Neural style transfer using convolutional Neural networks in Art generation

Neural Style Transfer is one of the most exciting applications of Convolutional neural networks. It has been linked to multiple mobile applications to add certain styles to a captured photo. However, many people use it for fun projects that are not on a commercial basis.

Let's say you take an image, like the one on the left and then recreate it in the style of the image on the right. Neural Style Transfer allows you to generate new image like the one below...

Example image with a car

So, we have mainly 2 images here, the content image and the style image. The content image has the original image that we want to transform. The style image has the new style that we want to transfer to the original image. In order to implement Neural Style Transfer, you need to look at the features extracted by ConvNet at various layers, the shallow and the deeper layers of a ConvNet. But let’s first ask about what are all these layers of a ConvNet really computing. What are deep ConvNets really learning?


Lets say you've trained a ConvNet, and you want to visualize what the hidden units in different layers are computing. Let's start with a hidden unit in layer 1 and suppose you scan through your training sets and find out what are the images or what are the image patches that maximize that unit's activation.

So in other words pause your training set through your neural network, and figure out what is the image that maximizes that particular unit's activation. If you noticed, will see only a relatively small portion of the neural network. If you plot what caused this unit's activation, you will see just a small image patches. If you pick one hidden unit and find the input images that maximizes that unit's activation, you might find nine image patches like those on the left.

Example Image Style transfer

You can see that the regions of the image that this particular hidden unit sees are corners and edges, it's looking for an edge or a line that looks like that.
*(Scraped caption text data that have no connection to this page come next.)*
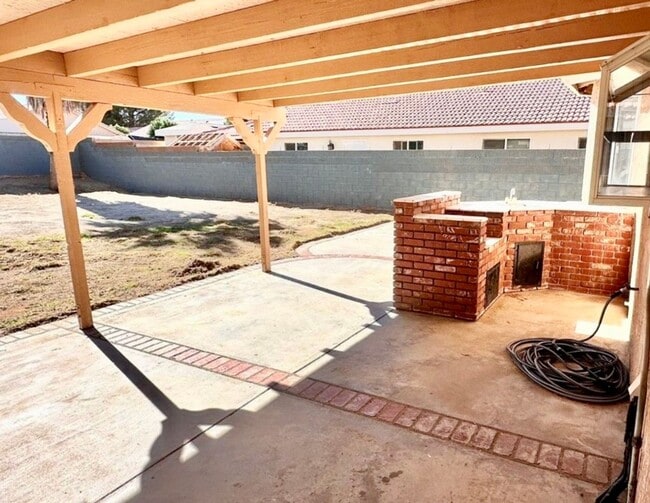 Building Photo - Beautiful cul-de-sac Home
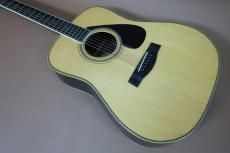YAMAHA L-10 / 初期 Model・Original Gold TM-50G・Solid Ezo Spruce Top・Solid Jacaranda Side and Back・Ebony Fingerboard & Bridge・Mahogany NEck・Small Pick-guard【With Yamaha Hard Case】1978年製_3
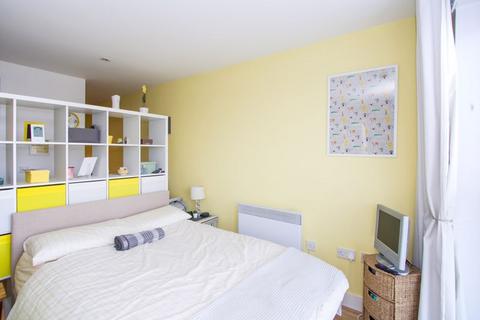 undefined, Ferry Court, Cardiff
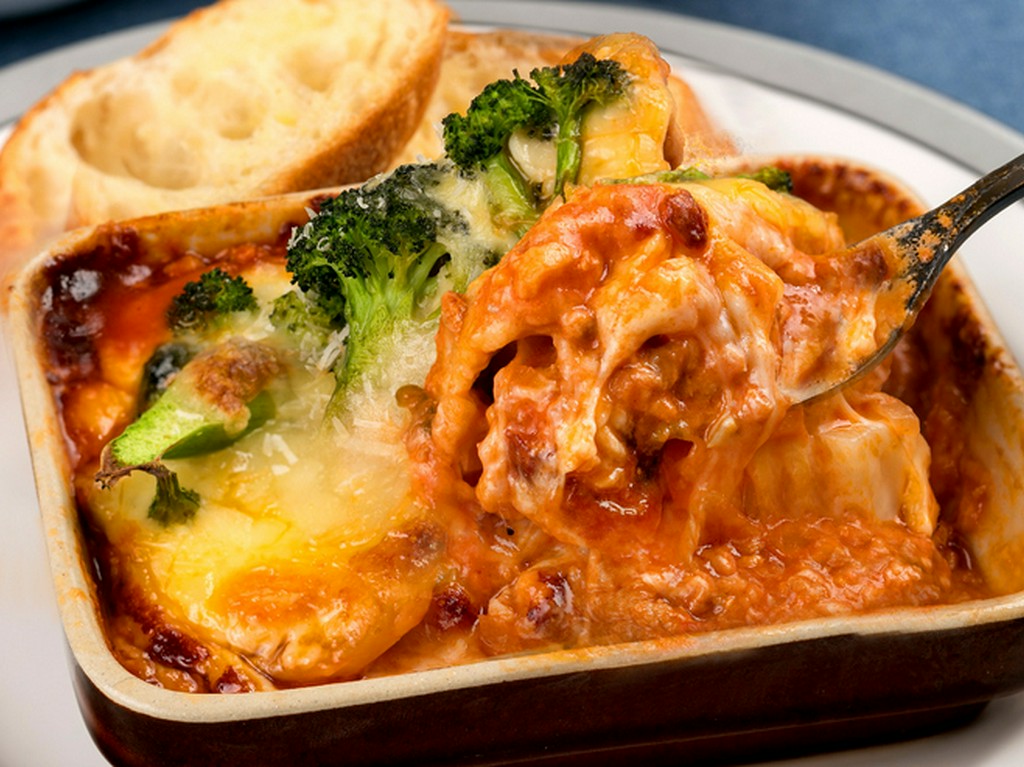 朝獲れの旬の野菜たっぷり！『本日のランチ グラタン（ミートソース）』バケット・サラダ・スープ付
So those are the image patches that maximally activate one hidden unit's activation

Example 01

Now, you can pick a different hidden unit in layer 1 and do the same thing. So that's a different hidden unit, and looks like this second one, represented by these images patches that looks like it is looking for a line sort of in that portion of its input region, in this case the eyes and eyebrows.

Example 02

So these are different representative neurons and for each of them the image patches that they maximally activate on. This arrives at a certain conclusion that the hidden units in the first layer are often looking for relatively simple features such as edges or shades of certain colors.
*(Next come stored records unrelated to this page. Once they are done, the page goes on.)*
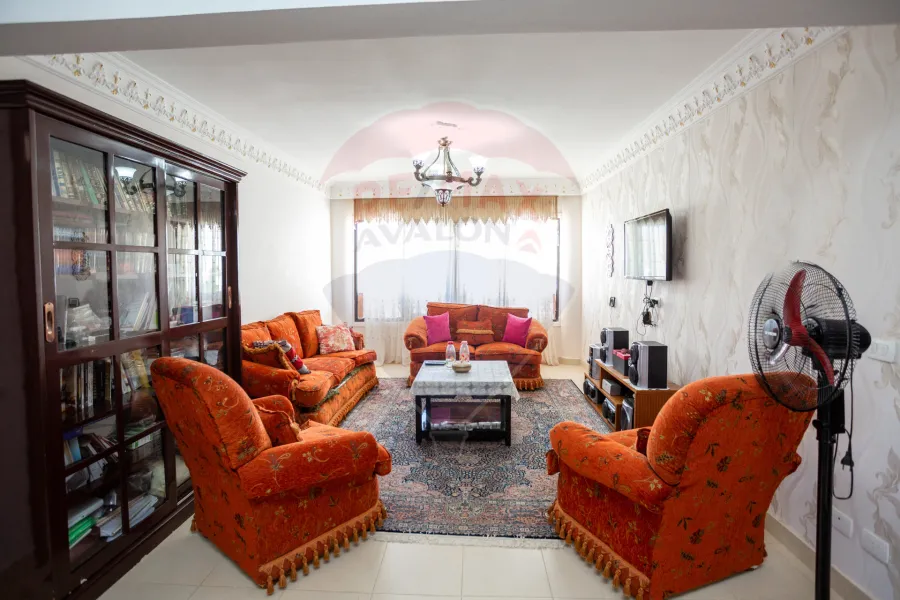 Villa for sale 610 m King mariout (Lakeside Paradise compound)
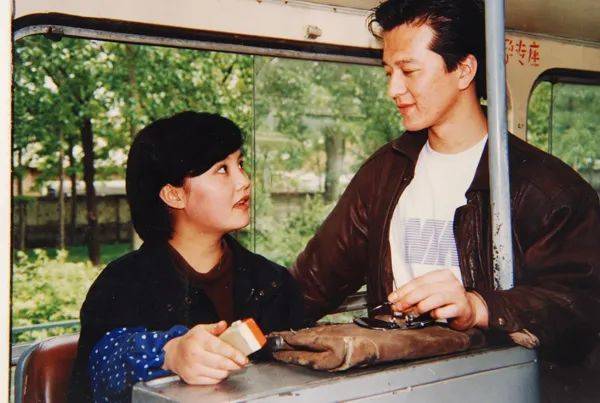 《北京，你早》中，99路汽车售票员艾红爱上了自称是新加坡留学生的陈明克<br>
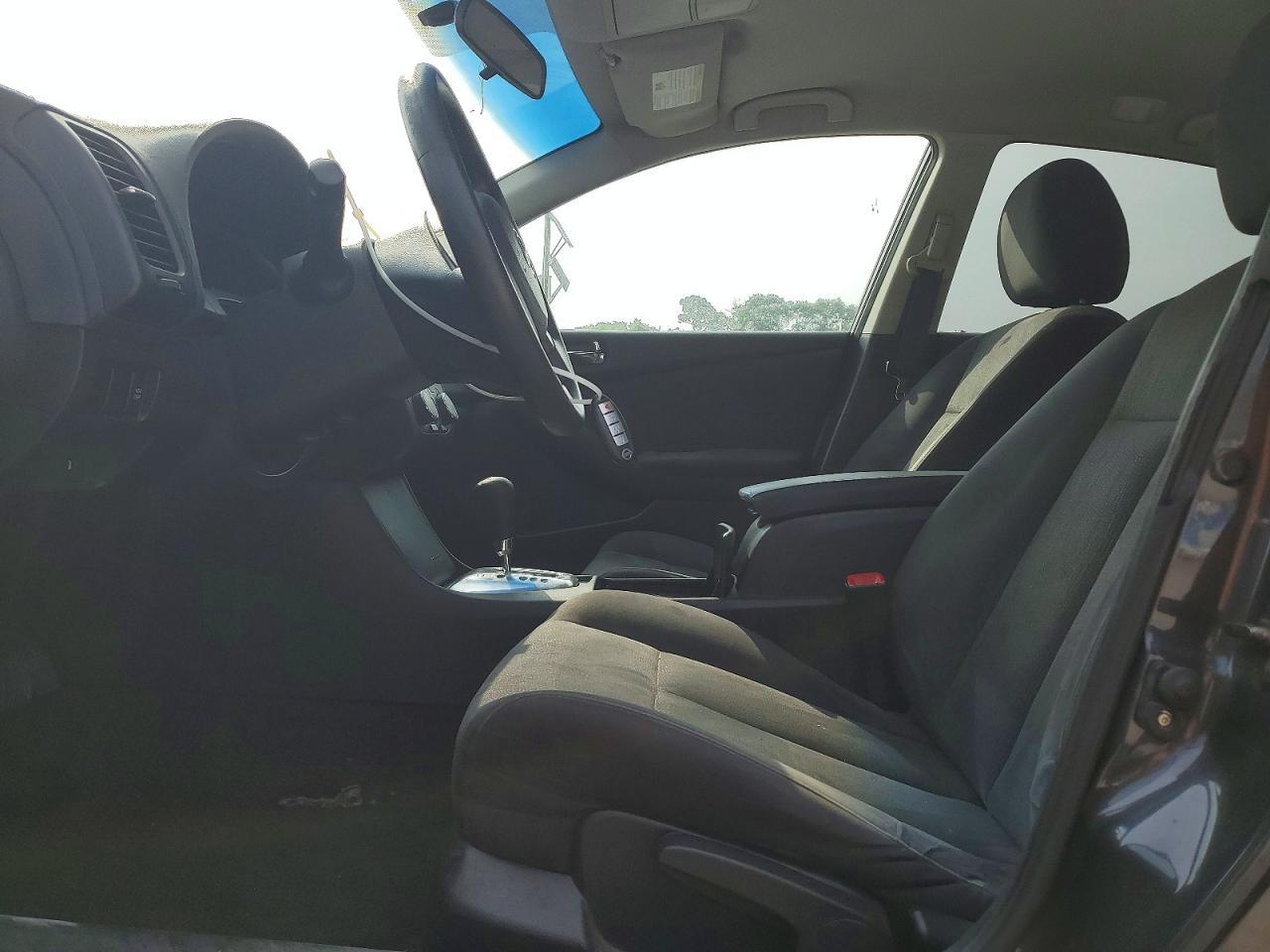 2010 NISSAN ALTIMA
Here is another network with the activations as well for the first layer

Example Layer

But, what if you do this for some of the hidden units in the deeper layers of the neuron network. What is the neural network learning at those deeper layers?
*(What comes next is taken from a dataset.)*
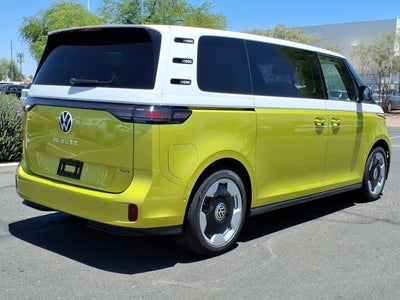 2025 Volkswagen ID. Buzz Pro S Plus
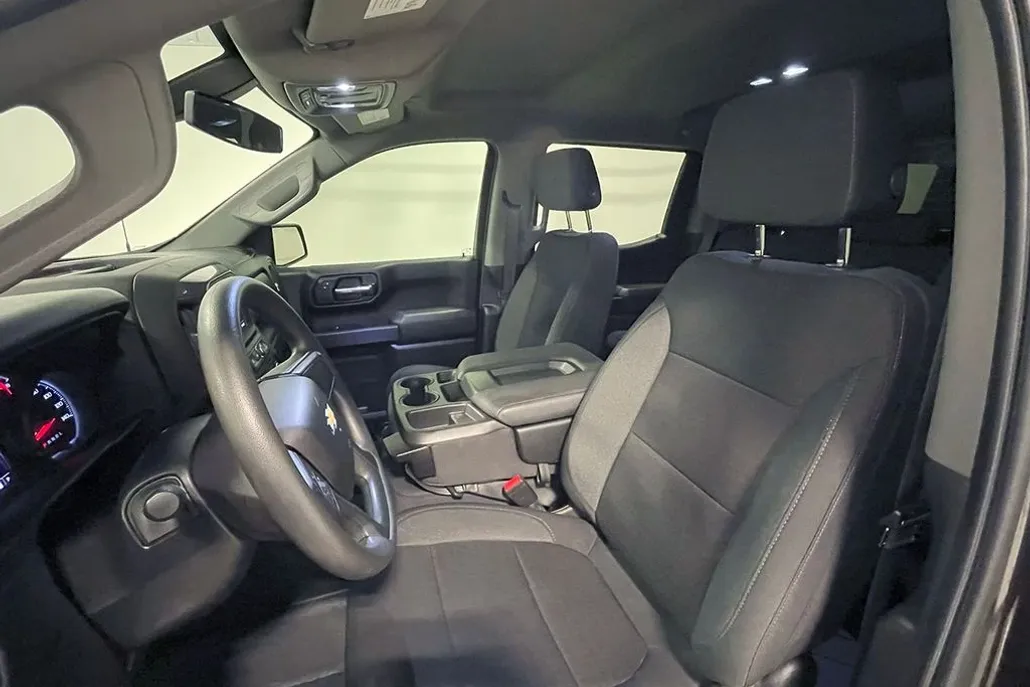 2022 Chevrolet Silverado 1500 Custom photo 1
In the deeper layers, the hidden unit usually sees a larger portion of the image. Each pixel could affect the output of later layers of the neural network. So, later units actually see larger image patches.

So, this is a visualization of what maximally activates different hidden units in layer 2. These are patches of the image that cause activation of a certain hidden unit.

Example style transfer 03

The interesting thing is that second layer looks like it's detecting more complex shapes like vertical edges.

Image shapes

So, what about the third layer?

It looks like there is a hidden unit that seems to respond to textures like honeycomb shapes, or square shapes...

How about the next layer?

Well, the fourth layer seems to detect even more complex shapes, you can see that is nearly detecting dogs, of course not by species or breeds but the general shape, remember we are only 4 layers deep.

To build a Neural Style Transfer system, we have to build a network, a cost function to minimize and then conduct the training.

Let’s define a cost function J that measures the quality of a generated image, we'll use gradient descent to minimize J in order to generate this image.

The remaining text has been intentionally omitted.